Based on: Surprising inversions of trite clichés matched with gorgeous animation
Article by Mightyblue | September 9, 2007
I've started a sort of anime blog in an attempt to get in some writing practice. Not the episode-by-episode byblows that seem so popular online, but rather more-or-less traditional reviews: The salient points, the highs and lows of the show, and my own take on the show for that essential hint of bias. It'll most likely take the form of a bi-monthly affair as watching anime takes time, and writing reviews based on old impressions isn't such a great idea.
The title du jour is Scrapped Princess. For those keeping score at home, Scrapped Princess (or Scraprin as the contraction-obsessed Japanese abbreviate it) is an action-drama in a fantasy setting. Produced by Bones of Fullmetal Alchemist and Eureka Seven fame, the series features music composed by Hikaru Nanase (Noein, Zone of the Enders), who graced the OP/ED with a pair of folksy rock pieces that set it apart from the usual anime with their usual J-pop fare.
Without delving too deeply into spoiler territory, Scraprin follows the travels of the three Casull siblings: Rachel (the older sister), Shannon (the brother), and Pacifica (the youngest of the three). The story mostly revolves around the time-honored premise of a mysteriously abandoned royalty and the prophecy that surrounds it -- but with an unexpected inversion on the prophecy bit. Rather than being destined to save the world as things usually go, the "Scrapped Princess" of prophecy is instead destined to destroy it. Each episode blends drama, character development, and a generous dollop of action, and the generally high production values of the show allow the characters to be more expressive than most.

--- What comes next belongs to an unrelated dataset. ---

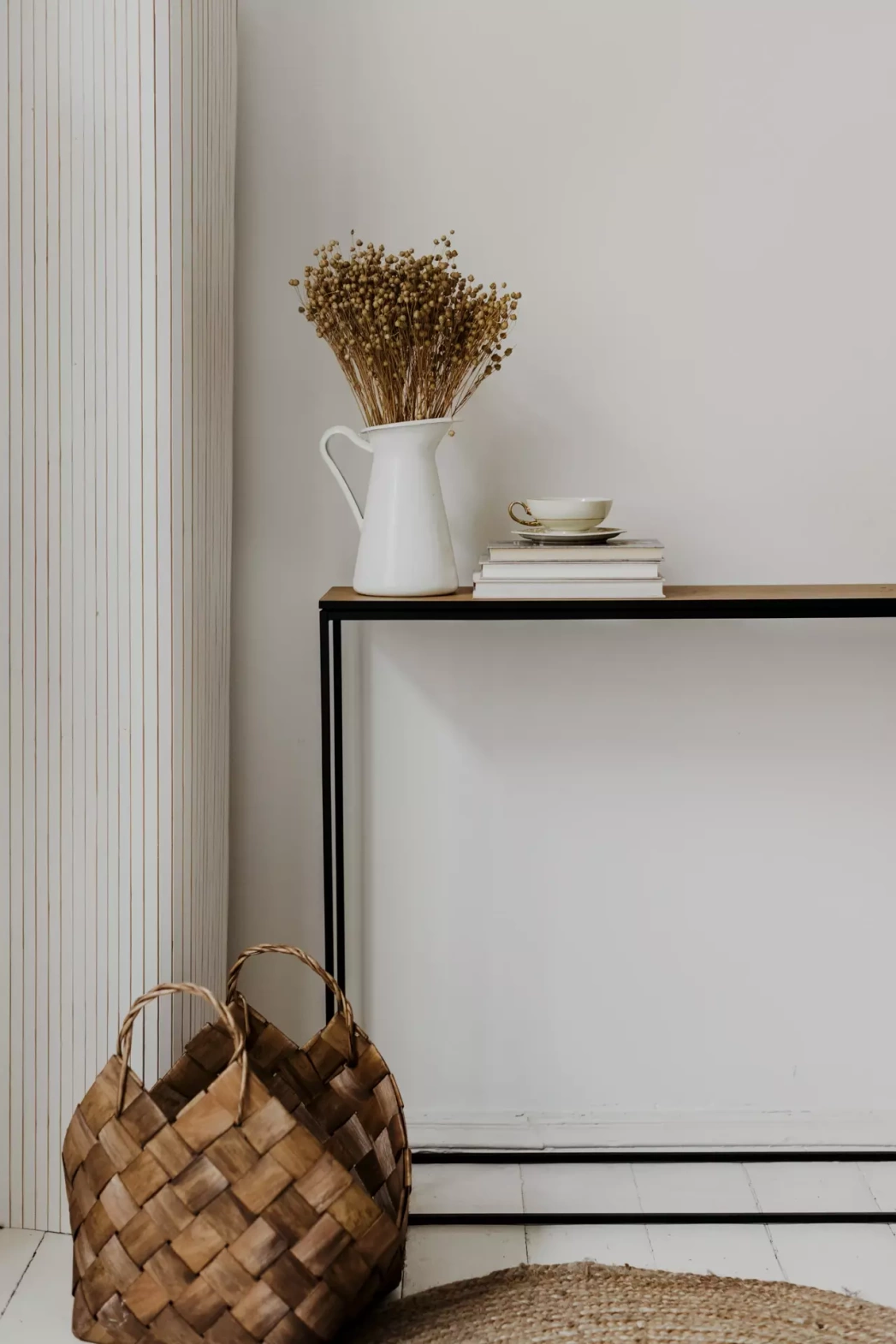 Nordifra :: Konsole aus Metall Stam 220 Eiche Größe xl schwarz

Characters Shannon, Pacifica, and Rachel
Production company Bones is known for their expertise in the animation field. This show isn't in high definition, but even in old-school standard definition the animation features excellent color depth and detail. While the characters tend to suffer from the usual "one set of clothes" problem endemic to most long-running series of this sort, the designs are clean and simple, somewhat reminiscent of Renaissance-era clothing crossed with the traditional high-fantasy look. The true highlights of the show are in the characters' facial expressions, which are, well, expressive.
Few shows bother to change the general shape of a character's face when they're talking or expressing non-verbally, usually settling on some general eye and mouth movement to get the point across. Many video games with voice acting suffer from this as well, and it looks unnatural. On the other hand, Bones not only animates characters' jawlines as they speak, but they also subtly (and not so subtly) change the shape of characters' faces in order to correspond with their emotions.
The series' background work is equally impressive, although the backgrounds are sometimes so detailed that moving elements in the foreground don't quite match up correctly. The fluid animation also transfers into the combat scenes, which rarely stray into the unbelievable realm -- except where intentional. Despite some flaws and odd bits here and there, the art and production values of the show are exceptional, per Bones' usual standards.
Nanase's music ranges from folk music to epic orchestrated themes, and every tune is competently arranged and produced. Sometimes too much so: Certain songs feel a tad over-arranged, especially within the context of the show. Still, the sound design is generally excellent, with effects that rarely if ever sound out of place. The attention to sonic detail is impressive: Footsteps differ with the terrain, as do other motion-related sounds such as wheels and creaking wagon effects.
The opening theme, "Little Wing," is performed by JAM Project with Masami Okui. A folk rock piece, "Little Wing" isn't terrible by any means, thought it isn't terribly attention-grabbing, either. Closing theme "Daichi no La-li-la" by Yoko Ueno and Masumi Ito is also a folk piece with a much more pronounced Gaelic feel.
Voice work for both the Japanese and English dubs is competently performed; most of the English voice actors have a reasonable amount of experience under their belts and their performances tend to reflect that. While it's not quite an A-class job due to a few actors not quite hitting the character right, but by no means is it a bad dub, either. The Japanese voice work is equally competent or better, although it is easier to be forgiving of a foreign language dub.
Scraprin is a two-thumbs-up production in my book; you can translate that to your rating scale of choice. The twist in the plot and the character development are what really make this show stand out from the crowd, and Bones' excellent job with art and production really bring out the nuances of the acting and story. My recommendation isn't entirely without reservations, though, since the English voice work isn't quite up to par with the Japanese dub and the odd problem with the foreground not matching with the background in places can be distracting. Even so, if you enjoy story-driven drama with a healthy dollop of character development and action, you won't be disappointed.